Joy and elation as the first stuck 4x4 that slept over on the pass came creeping cold and cat-footed down past us with huge icicles suspended like whiskers from the fenders - we knew the way to the top was open and there was no stopping us now, we could taste the blood warm gluhwein swilling in our mouths, hear the log fire roaring and feel the ice cold beers pressing against our sweaty palms!

Fortified with Dutch courage we set off on the monumentous task of conquering Sani Pass with Vespas. Behind us and in front of us numerous 4x4 all terrain vehicles and serious off road motor bikers followed suit.

 I could just imagine what they must have been thinking at the sight of such a motley group attempting the same thing with a tenth of the horsepower and one sporting wings. I am sure there was a few WTF’s expressed accompanied with a few sniggers. So you think you can dance..... VESPA gives you wings.

An epic battle followed. I recollect the ascent as being easy at the bottom and gradually becoming more taxing and difficult as we proceeded and almost becoming impossible near the top. Over rocks and stones, riverbeds, twists and turns and ruts, mud and slush and treacherous ice we travelled.

Charlie got stuck on a steep incline which had me running back to help, shouting to children to come help push. With 4 pairs of willing hands on the back seat, a mighty heave and a fight with the gears and a push and off Charlie goes-wings flapping in the breeze.

Through snow and in between stuck 4x4’s we made our winding way, ever climbing higher and higher, steeper and steeper. Stopping and starting, pushing and pulling, picking each other up after falls. Focused and driven my mind created surprisingly vivid mental snapshots of it all..... The lone elderly cyclist determinedly pushing his bicycle all the way to the top after the chain snapped halfway up.

Marlene’s red 1979 Mathilda sure footed and being driven with enormous skill and years of bike riding experience under the belt-beautiful to behold. I envisioned seeing Marlene, 40yrs on, bent with age on the stoep of some retirement village somewhere pointing a gnarled finger to a photo album, regaling the grandchildren with tales of “The Great Sani Pass Adventure” and fondly saying “Those were the days”.

After losing grip 4 metres into the ice line and feeling my bike spinning round almost 180’ I managed to stay upright as I brought the scooter under control. I found myself facing the cliff edge with its sheer drop. My heart pounded and I uttered a choice expletive starting with Gordon Ramsey’s favourite letter of the alphabet.

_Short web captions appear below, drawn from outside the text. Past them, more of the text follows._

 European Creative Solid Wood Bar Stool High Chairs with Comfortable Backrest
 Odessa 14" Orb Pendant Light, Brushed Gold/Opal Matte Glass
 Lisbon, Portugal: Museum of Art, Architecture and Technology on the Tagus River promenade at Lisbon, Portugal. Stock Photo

The snow boots I had on gave good grip and I was firmly planted wide legged over the scooter, the scooter however wasn’t and it proceeded to faint from under me in one of those classic slow motion- almost lady like- movie scenes. I just couldn’t keep 151kg from going down and managed to step off and away to the side to safety as she dropped. I bent down and turned the key off in the ignition to protect the engine and stop any loss of oil.

Marlene and Jerome came running over to the rescue and together we lifted and turned the bike round. I was relieved to find only minor sticker damage. I had recently traded in and up for this new black 300 Vespa and it was scarcely a few months old. I decided to not attempt the last few icy bends due to the ice and the certain possibility of causing far greater damage.

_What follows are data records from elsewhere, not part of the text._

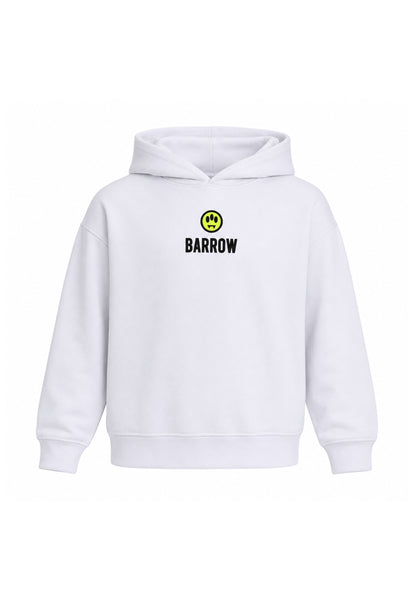 BARROW FELPA BIANCA CON CAPPUCCIO logo piccolo centrale e maxi stampa sul retro Bambini e ragazzi F6BKJBHS074.BIA_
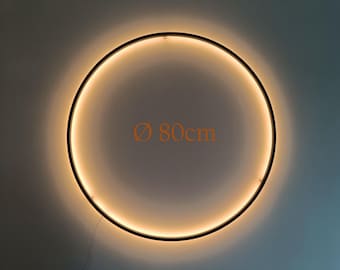 Anillo de luz LED de 80 cm impreso en 3D con iluminación directa/indirecta para colgar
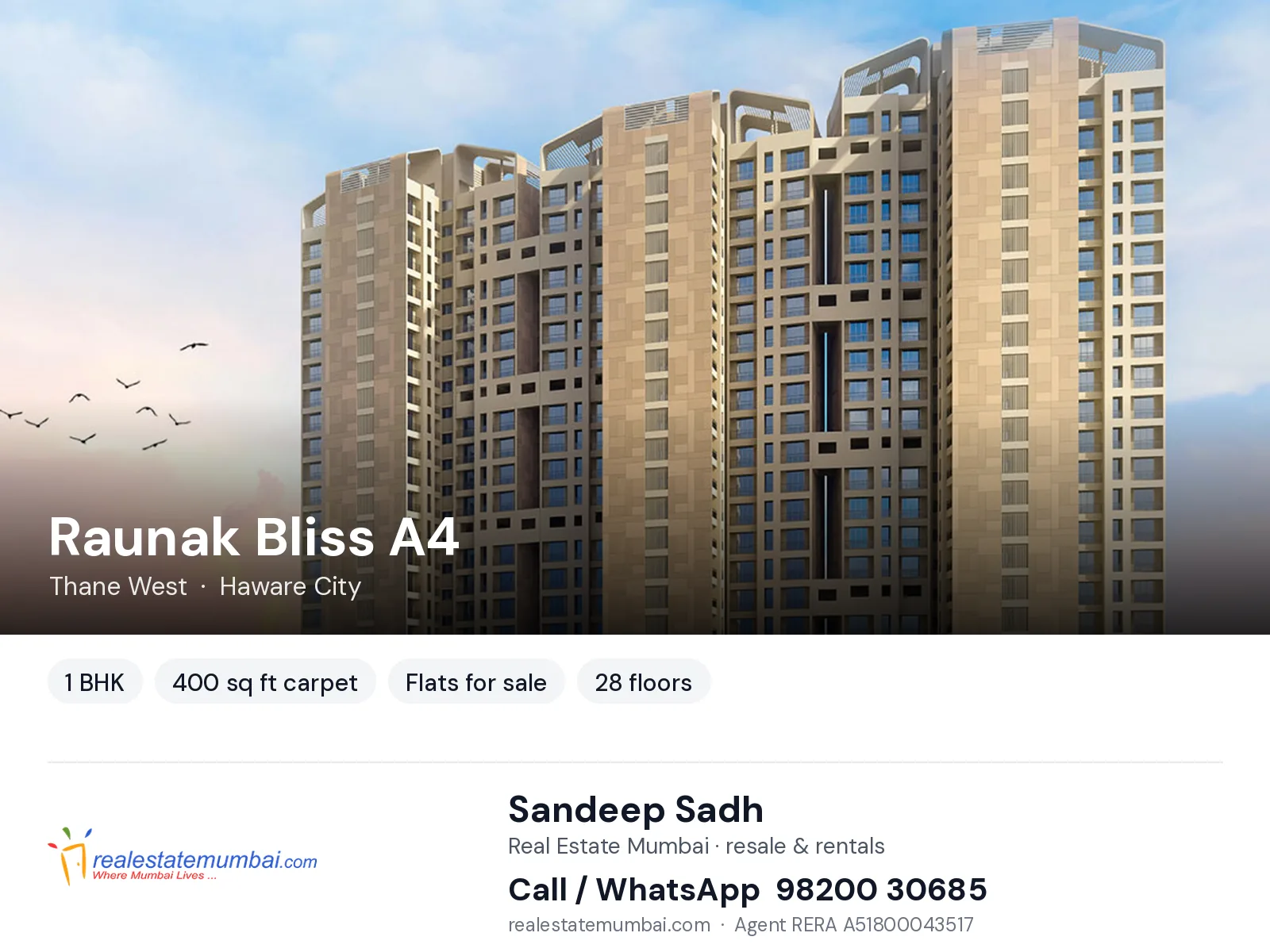 Raunak Bliss A4, Thane West — 1 BHK flats for sale | Real Estate Mumbai, Sandeep Sadh 98200 30685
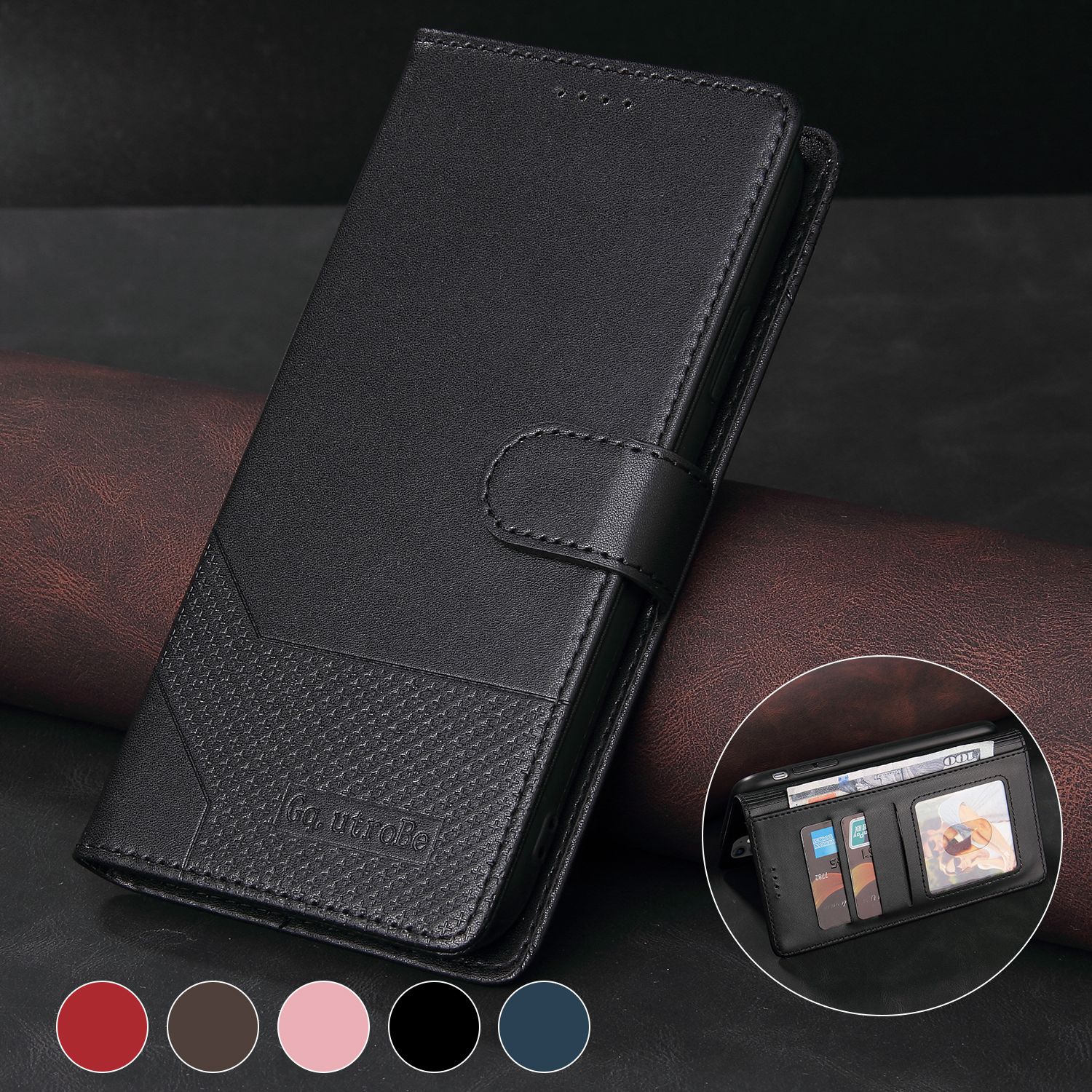 Business Card Slot Photo Frame Leather Case For Honor 10X Lite / Huawei P smart 2021 / Huawei Y7a Flip Stand Phone Case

As I headed down I saw Charlie approaching on her blue PX and I shouted a warning that this was no place for two wheels. My words were hardly out when Charlie went down quite hard and quite spectacularly onto her right side, almost immediately her left hand shot out straight up in the air and she shouted out loud to the shocked onlookers “I’m okay!”. That’s Charlie for you-what a trooper.

Later I heard Charlie had fallen 3 times that day. Due to gearbox damage from a previous flying incident (which is altogether another story) and loss of oil she had to call it a day only a few bends from the top.

Jerome and Marlene helped each other through the last few bends, sometimes walking and pushing through the slippery cocktail of snow and mud and ice. Hats off! She ain’t heavy, she’s my sista! That's what friends are for. Charlie and my bike were loaded and Thinus led the 4x4’s up through the last bends displaying impressive 4x4 knowledge and skill. Sani top chalets and the highest pub in Africa beckoned to us.